» **What is needed**: In the listing below, locate the line with "thân- Ảnh 1. Có" and the line with "影像PPT - 【PPT】急性阑尾炎影像诊断思考和综述-102", then output both and everything between them exactly, minus any pictures.
***
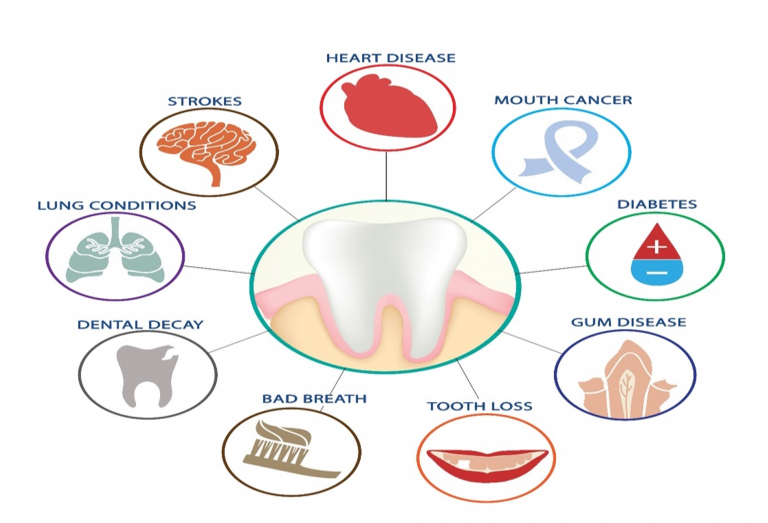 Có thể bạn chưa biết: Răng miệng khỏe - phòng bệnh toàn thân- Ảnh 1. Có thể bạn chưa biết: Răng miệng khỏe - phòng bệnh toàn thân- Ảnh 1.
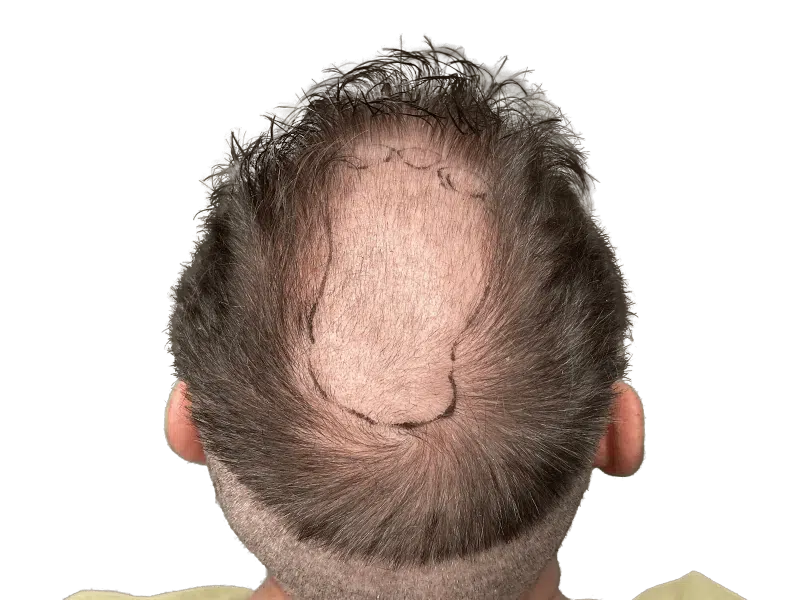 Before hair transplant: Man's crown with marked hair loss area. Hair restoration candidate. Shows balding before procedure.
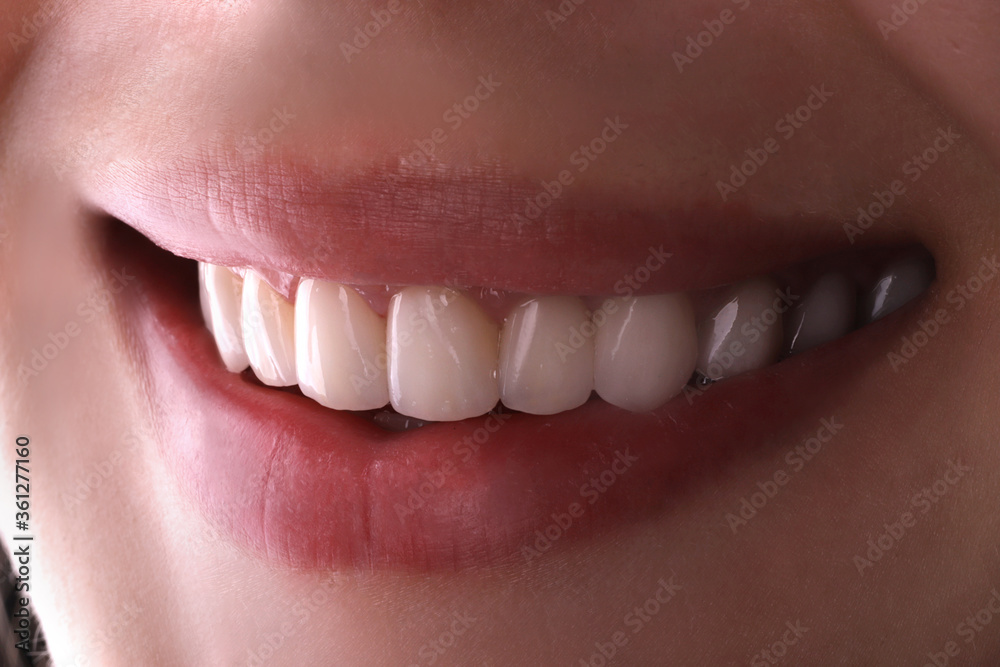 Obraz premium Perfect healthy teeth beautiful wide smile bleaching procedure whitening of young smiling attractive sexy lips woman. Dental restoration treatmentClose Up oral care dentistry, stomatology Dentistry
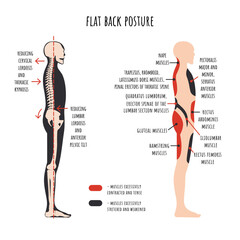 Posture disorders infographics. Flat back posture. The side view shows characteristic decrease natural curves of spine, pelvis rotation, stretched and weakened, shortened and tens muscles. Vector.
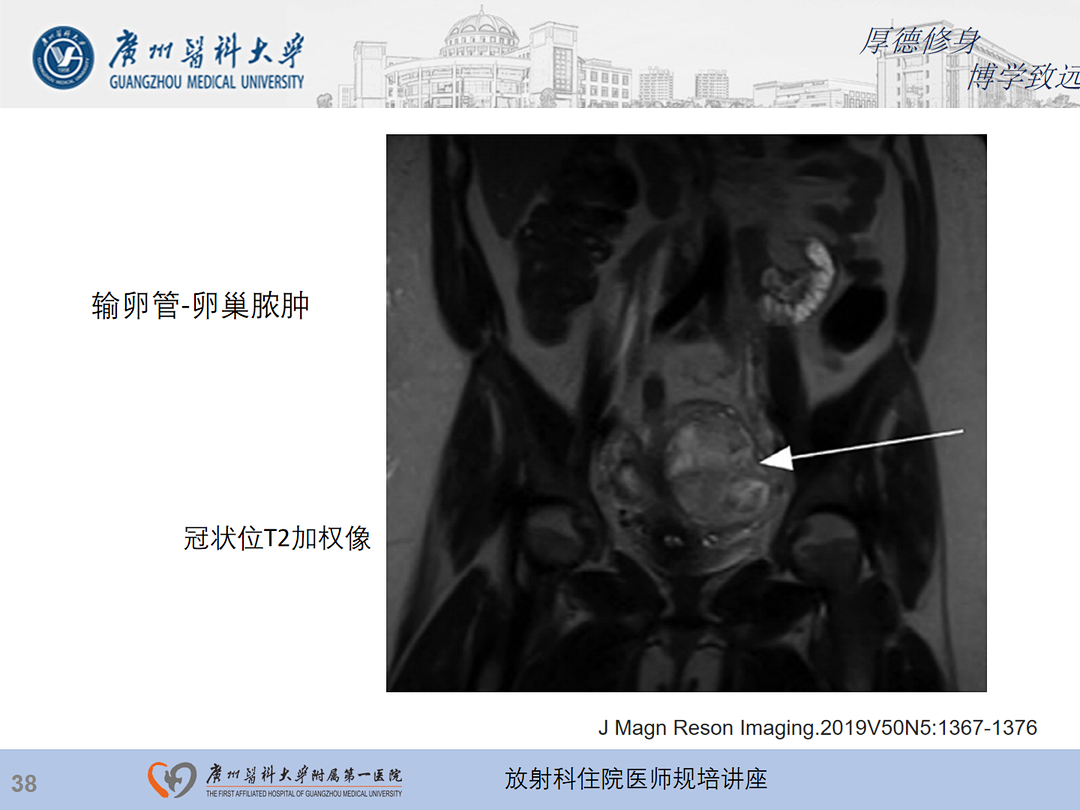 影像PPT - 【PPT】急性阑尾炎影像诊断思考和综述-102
***
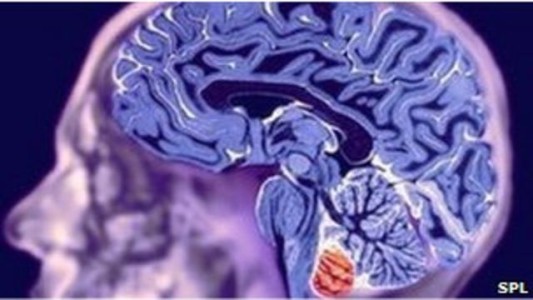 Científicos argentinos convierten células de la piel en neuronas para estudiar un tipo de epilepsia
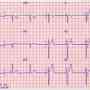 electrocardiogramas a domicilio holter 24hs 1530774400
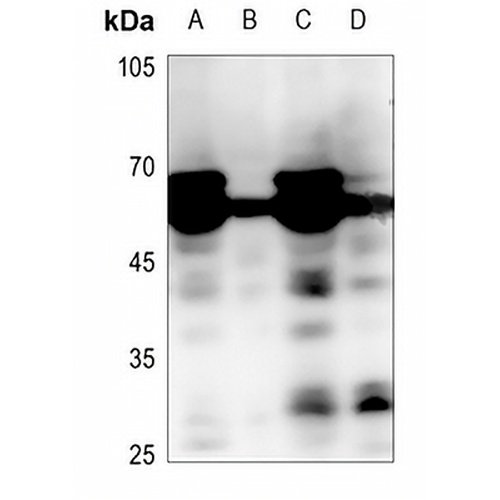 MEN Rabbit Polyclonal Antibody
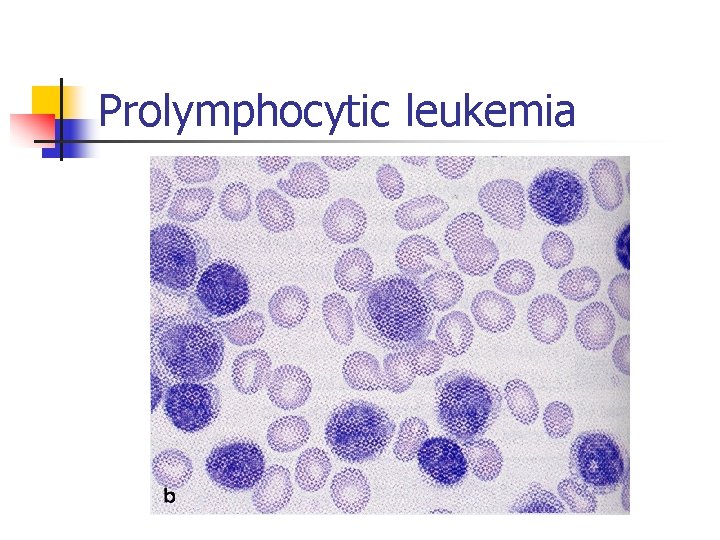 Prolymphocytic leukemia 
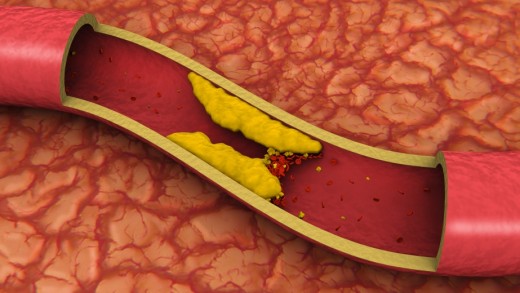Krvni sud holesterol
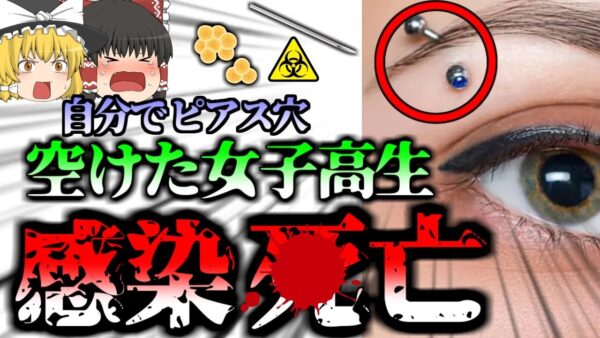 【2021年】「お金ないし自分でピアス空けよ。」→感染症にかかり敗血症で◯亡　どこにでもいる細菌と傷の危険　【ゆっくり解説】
***
» **Answer space**:
 Có thể bạn chưa biết: Răng miệng khỏe - phòng bệnh toàn thân- Ảnh 1. Có thể bạn chưa biết: Răng miệng khỏe - phòng bệnh toàn thân- Ảnh 1.
 Before hair transplant: Man's crown with marked hair loss area. Hair restoration candidate. Shows balding before procedure.
 Obraz premium Perfect healthy teeth beautiful wide smile bleaching procedure whitening of young smiling attractive sexy lips woman. Dental restoration treatmentClose Up oral care dentistry, stomatology Dentistry
 Posture disorders infographics. Flat back posture. The side view shows characteristic decrease natural curves of spine, pelvis rotation, stretched and weakened, shortened and tens muscles. Vector.
 影像PPT - 【PPT】急性阑尾炎影像诊断思考和综述-102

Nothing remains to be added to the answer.